これらの変更は、GoのアセンブラがFUNCDATAディレクティブの引数として、レジスタオフセット(D_OREG)を正しく認識できるようにするためのものです。これは、アセンブリコード内でGCマップのデータがレジスタオフセットとして参照される新しいパターンに対応するために必要でした。この変更がなければ、アセンブラは新しいFUNCDATAの記述を構文エラーとして処理してしまいます。

src/pkg/runtime/asm_*.s の変更

  1. gcargs_reflectcall<> の定義: このデータセクションは、reflect.callXX関数に渡される引数のポインタ情報をGCに伝えます。

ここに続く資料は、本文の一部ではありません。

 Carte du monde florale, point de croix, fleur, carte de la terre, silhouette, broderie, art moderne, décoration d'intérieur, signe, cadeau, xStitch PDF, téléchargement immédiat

    • $1 (0x00オフセット): スタックマップの数を指定します。ここでは1つのスタックマップが定義されています。
    • $6 (0x04オフセット): 引数のビットマップの長さを指定します。これは、3つの引数(各2ビットで表現されるため、3 * 2 = 6ビット)に対応します。
    • $(const_BitsPointer+(const_BitsPointer<<2)+(const_BitsScalar<<4)) (0x08オフセット): これが引数のポインタビットマップの具体的な値です。
      • const_BitsPointer: 最初の引数がポインタであることを示します。
      • const_BitsPointer<<2: 2ビット左シフトすることで、2番目の引数がポインタであることを示します。
      • const_BitsScalar<<4: 4ビット左シフトすることで、3番目の引数がスカラー(ポインタではない)であることを示します。 このビットマップは、reflect.Callが内部的に扱う引数(通常、関数ポインタ、引数データへのポインタ、引数サイズ)の型情報と一致するように設計されています。GCはこれを見て、スタック上のどの位置にポインタが存在し、どの位置がスカラー値であるかを正確に判断できます。
  2. gclocals_reflectcall<> の定義: このデータセクションは、reflect.callXXフレーム内のローカル変数のポインタ情報をGCに伝えます。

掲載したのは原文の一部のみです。